If you carry GBS, you’ll be given IV antibiotics during delivery.
Labor complications
Premature labor
The normal length of pregnancy is 37 to 42 weeks. A baby born before 37 weeks is called premature or preterm.
Fetal distress
During labor, the
baby is monitored for signs of distress, which can indicate that the
baby’s oxygen supply is reduced. One sign of fetal distress is
meconium-stained water (meconium is the baby’s first dark green bowel
movement). However, this alone doesn’t always indicate fetal distress,
but if it’s combined with a slowing of the baby’s heart rate, fetal
distress is more likely and steps may be taken for a prompt delivery. If
there is thick meconium in the water, there is a danger that the baby
could inhale meconium at birth, which can lead to breathing problems and
lung infection.
Failure to progress
Sometimes the cervix
fails to dilate as expected during the first stage of labor. There are
several factors that can hamper the progress of labor: the baby’s head
may be too large for the pelvis; there may be inefficient contractions;
or the baby may not be in the right position .
Cord prolapse
Rarely, the umbilical
cord lies below the baby. This is more likely in a breech birth, or
where the baby lies in a transverse position. In these cases, when the
water breaks, the cord can slip through the cervix. This is an emergency
because the cord may be compressed and restrict or cut off the baby’s
oxygen supply.
What might be done
Unless an immediate assisted vaginal delivery is possible, an emergency cesarean will be done.
Shoulder dystocia
Shoulder dystocia is when
the baby’s head is born, but the shoulders remain stuck so the body
cannot be born. It’s more common if the baby is big or if the mother has
diabetes.
What might be done
If the head is
delivered, and there are signs that the rest of the baby is not coming
easily, the mother’s legs will be lifted up to help the baby’s shoulders
down and an episiotomy may be done .
If the baby still doesn’t come easily, there are maneuvers the doctor
will do to help release the shoulders and aid the delivery .
Postpartum hemorrhage
This condition is said to
occur if a woman loses more than 1 pint (500 ml) of blood within 24
hours of birth. It can be due to the uterus not contracting quickly
enough, to incomplete delivery of the placenta, or to vaginal tears.

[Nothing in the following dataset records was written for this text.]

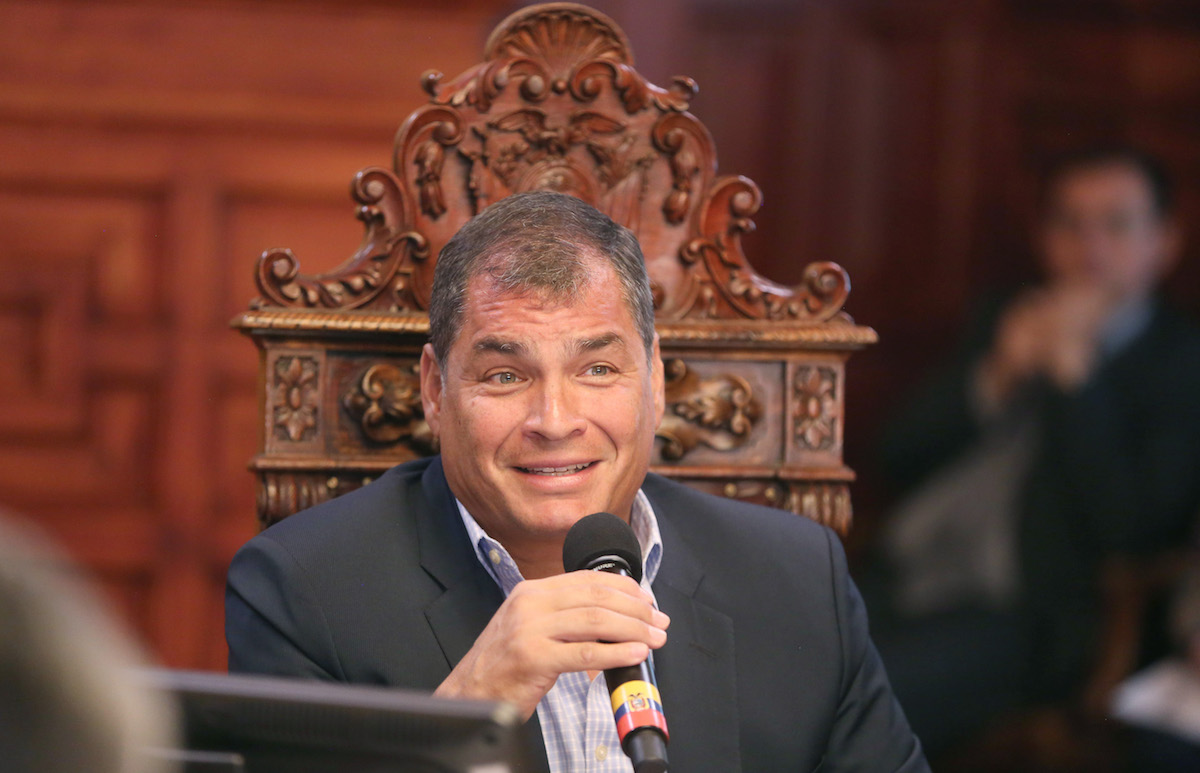 Quito (Pichincha), 05 jul 2016.- El Presidente de la República, Rafael Correa, mantuvo un conversatorio con medios de comunicación nacionales para informar sobre la agenda cumplida ayer en la provincia de Manabí. Foto: Carlos Silva / Presidencia de la República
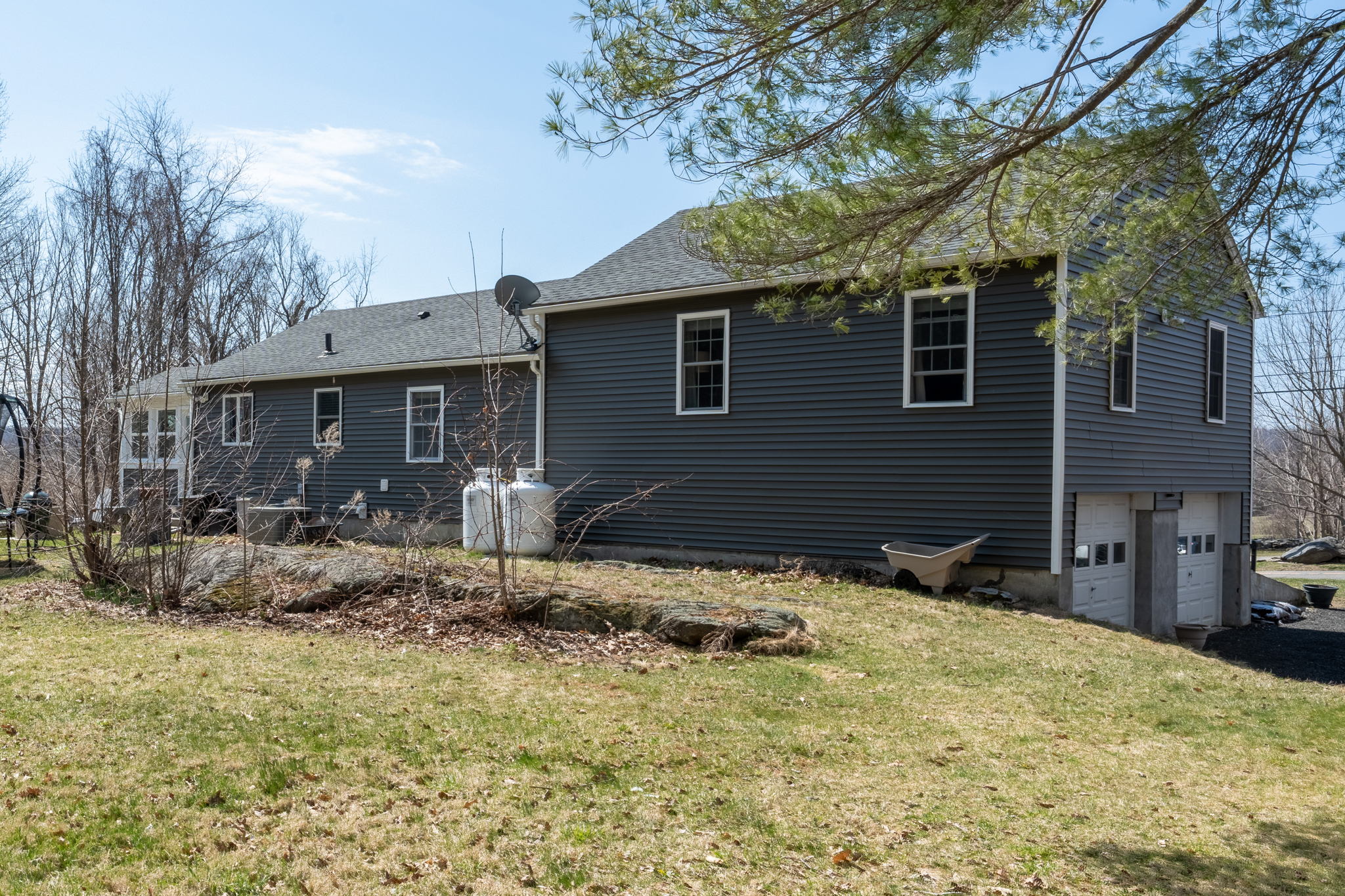 540 University Dr, Torrington, CT 06790, USA Photo 4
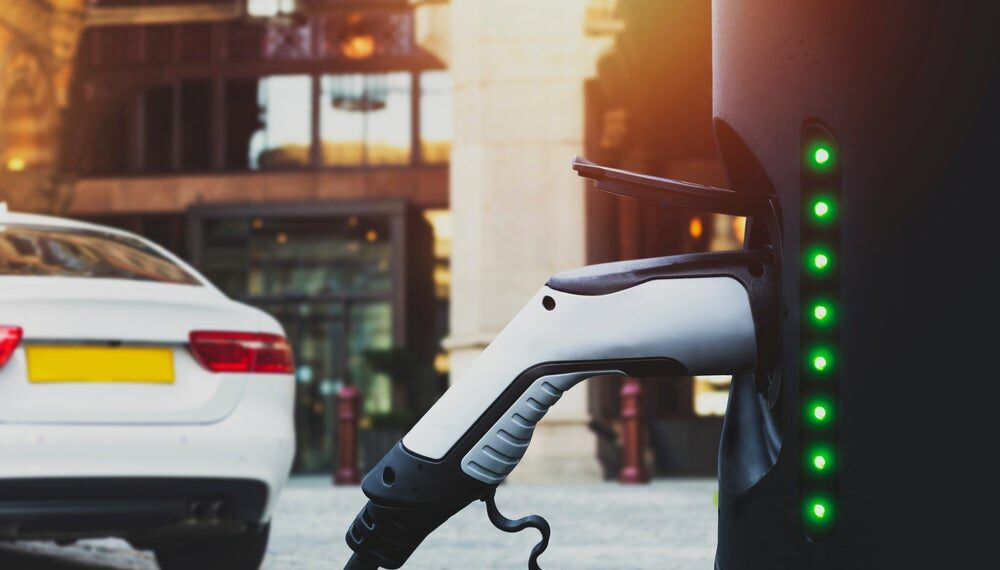 Hotels missing out on revenue from electric vehicle charge points - Travel News, Insights & Resources.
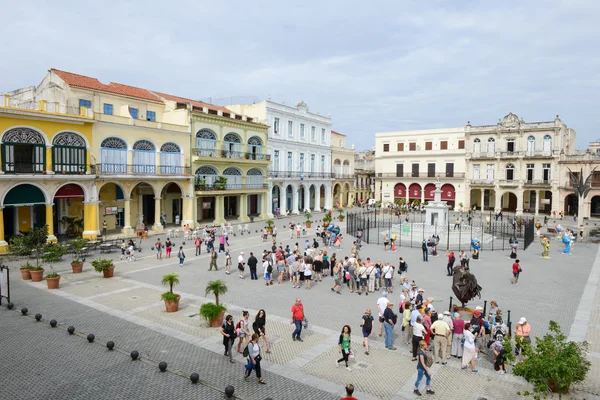 Plaza Vieja met zijn vele onlangs gerestaureerde koloniale gebouwen — Stockfoto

Active management in the delivery of the placenta
makes it less likely to happen. Factors that increase the risk include a
large baby or twins; prolonged labor; or bleeding before the labor.
What might be done
It’s often
possible to control bleeding with drugs to help the uterus contract, or
by correcting problems such as retained bits of placenta, or by suturing
tears. If bleeding continues, arteries that supply blood to the uterus
may be closed off. You may also need a blood transfusion.